Copy the lines below exactly. No picture goes into the copy.
[Given information — start]
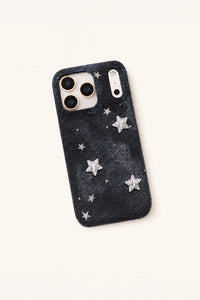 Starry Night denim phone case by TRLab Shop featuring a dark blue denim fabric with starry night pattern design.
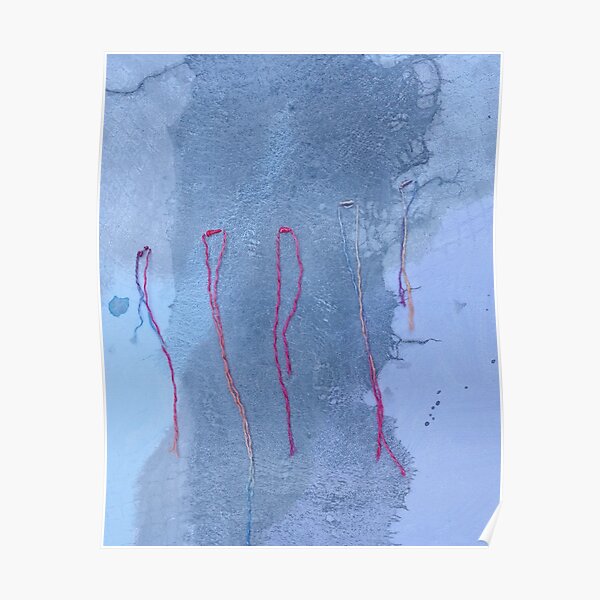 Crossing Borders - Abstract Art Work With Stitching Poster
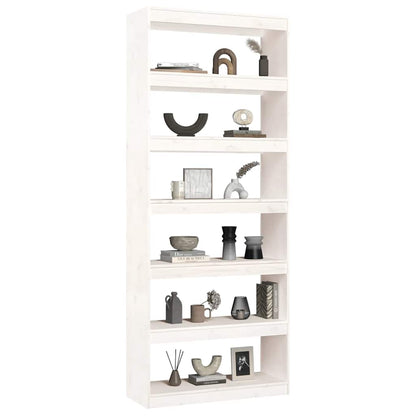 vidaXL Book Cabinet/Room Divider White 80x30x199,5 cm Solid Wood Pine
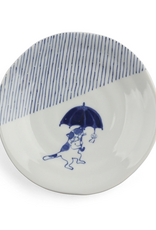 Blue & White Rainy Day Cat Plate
[Given information — finish]
Output below:
 Starry Night denim phone case by TRLab Shop featuring a dark blue denim fabric with starry night pattern design.
 Crossing Borders - Abstract Art Work With Stitching Poster
 vidaXL Book Cabinet/Room Divider White 80x30x199,5 cm Solid Wood Pine
 Blue & White Rainy Day Cat Plate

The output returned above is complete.